Will Mortgage Rates Keep Dropping?
One silver lining from trade tensions with China and fears about a slowing global economy – the same factors whipsawing the stock market – is that mortgage rates are heading lower.
That is helping homeowners and buyers alike.
People who bought in the last two to three years may pocket major savings by refinancing their mortgage, while those hunting for a new home may get a bit more spending power, thanks to lower rates.
The average rate on the 30-year fixed mortgage – the most popular for home purchases – fell to 4.01% for the week ending Aug. 2 from 4.08% the previous week, the Mortgage Bankers Association reported. That was the lowest level since November 2016.
The average rate for 15-year fixed-rate mortgages – a common refinance option – slipped from 3.48% to 3.37%, the lowest since September 2016, the MBA said.
Even lower rates are expected when the MBA releases its next report on Wednesday.
“The Federal Reserve cut rates as expected … but the bigger influence on the financial markets was the beginning of a trade war with China,” Mike Fratantoni, MBA’s chief economist, said in a statement. “The result was a sharp drop in mortgage rates, which will likely draw many refinance borrowers into the market in the coming weeks.”
As trade tensions escalated, jittery investors poured money into longer-term U.S. Treasurys, considered safe investments, lowering their yield.
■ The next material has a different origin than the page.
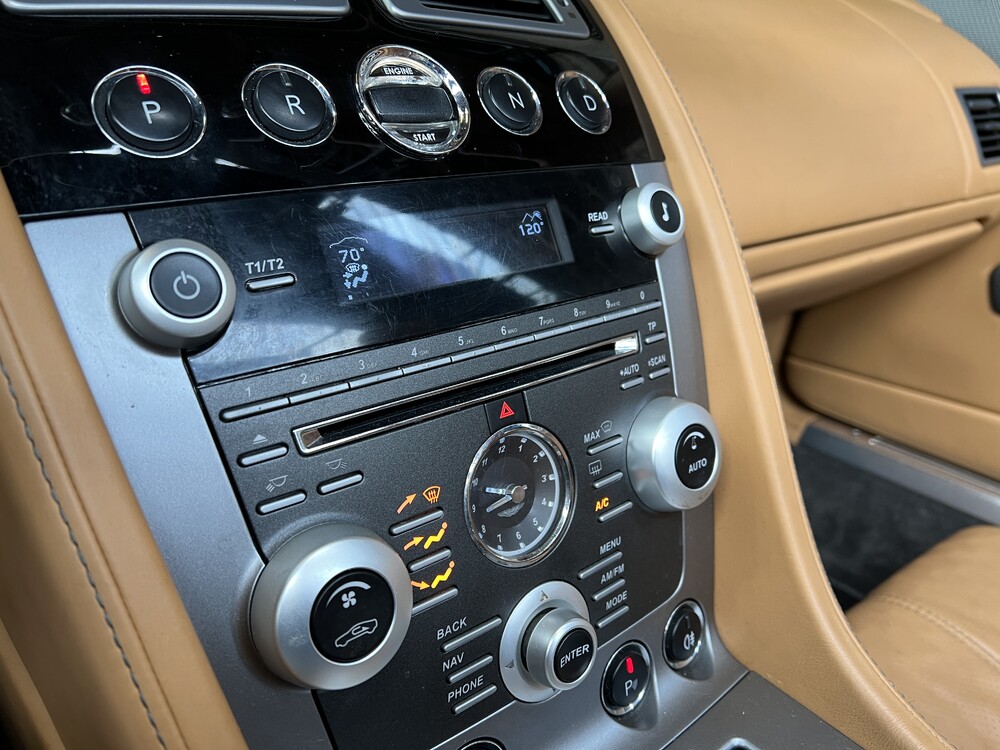 Aston Martin DB9 Volante 6.0 V12 476 PS 2010 Cabrio, P-330-GJ.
Fixed mortgage rates typically follow the yield on the 10-year Treasury.
“We fully expect that refinance volume will jump even higher … given the further drop in rates,” Fratantoni said.
The volume of refinancing applications increased 12% from the previous week and was 116% higher than the same week a year earlier due to the decline in rates, according to the MBA.
John Stearns, a senior mortgage originator at American Fidelity Mortgage Services in Milwaukee, started three new refinancings, two of which were inspired by falling rates.
One homeowner has 16 years left on a 20-year mortgage. They are refinancing into a new 20-year at a lower rate and dropping private mortgage insurance, saving about $105 a month. A second owner has 17 years left on their 20-year mortgage and is refinancing into a new 15-year home loan, shaving two years off the life of the loan.
“It’s not just about a lower payment,” Stearns said. “If people are able to knock off a few years of the mortgage, that’s a good thing, too.”
Purchases stymied by market
Homebuyers who got preapproved for a loan earlier this year may find they can qualify for a bit more than before, said Scott Sheldon, branch manager at New American Funding in Santa Rosa, California.
“With today’s reduction in rates at about 1%, people are getting about $35,000 to $40,000 of extra spending power … right now versus a few months ago,” he said.
The problem is that homebuyers in many areas still face a limited supply of houses. They may be preapproved at a low rate for a mortgage, but can’t find a house to put it toward. The number of mortgage applications for purchases decreased 2% for the week ending Aug. 2 versus the week before.
Stearns, who closed recently on a purchase loan after the buyer was in the market for two years, is seeing new people come through the door looking to get preapproved.
“But who knows when they’ll find something to buy,” he said.